Comment on CrowdStrike downtime apparently caused by update that replaced a file with 42kb of zeroes
CeeBee_Eh@lemmy.world 3 months agoSure, for a personal PC I would not necessarily want a BSOD, I’d prefer if it just booted and alerted the user. But for enterprise servers? Best not.
You have that backwards. I work as a dev and system admin for a medium sized company. You absolutely do not want any server to ever not boot. You absolutely want to know immediately that there’s an issue that needs to be addressed ASAP, but a loss of service generally means loss of revenue and, even worse, a loss of reputation. If you server is briefly at a lower protection level that’s not an issue unless you’re actively being targeted and attacked. But if that’s the case then getting notified of an issue can get some people to deal with it immediately.
ChairmanMeow@programming.dev 3 months ago
A single server not booting should not usually lead to a loss of service as you should always run some sort of redundancy.
I’m a dev for a medium-sized PSP that due to our customers does occasionally get targetted by malicious actors, including state actors. We build our services to be highly available, e.g. a server not booting would automatically do a failover to another one, and if that fails several alerts will go off so that the sysadmins can investigate.

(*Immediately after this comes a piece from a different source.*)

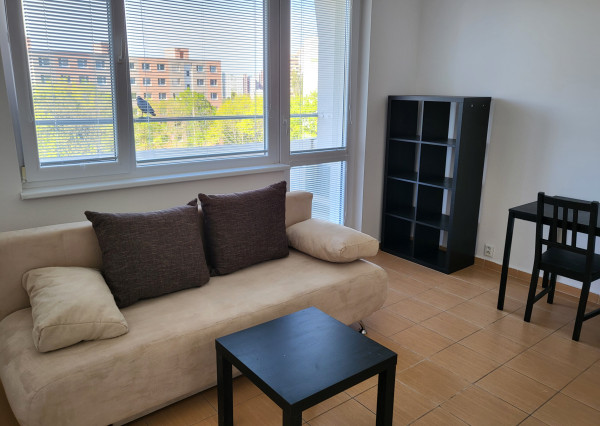 Na prenájom praktická garsónka oproti Ekonomickej Univerzite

Temporary loss of service does lead to reputational damage, but if contained most of our customers tend to be understanding. However, if a malicious actor could gain entry to our systems the damage could be incredibly severe (depending on what they manage to access of course), so much so that we prefer the service to stop rather than continue in a potentially compromised state. What’s worse: service disrupted for an hour or tons of personal data leaked?
Of course, your threat model might be different and a compromised server might not lead to severe damage. But Crowdstrike/Microsoft/whatever may not know that, and thus opt for the most “secure” option, which is to stop the boot process.